[DATASET CONTENT]
Segment Open

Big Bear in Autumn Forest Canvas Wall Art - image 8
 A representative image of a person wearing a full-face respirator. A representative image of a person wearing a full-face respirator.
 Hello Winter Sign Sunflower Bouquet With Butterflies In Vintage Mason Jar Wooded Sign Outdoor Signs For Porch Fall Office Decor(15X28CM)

Segment Closed

[ACTIVITY] Nothing should be returned except the lines from the one holding "full-face respirator. A" through the final line of the listing, exactly as they appear.

[WORKED SOLUTION]
 A representative image of a person wearing a full-face respirator. A representative image of a person wearing a full-face respirator.
 Hello Winter Sign Sunflower Bouquet With Butterflies In Vintage Mason Jar Wooded Sign Outdoor Signs For Porch Fall Office Decor(15X28CM)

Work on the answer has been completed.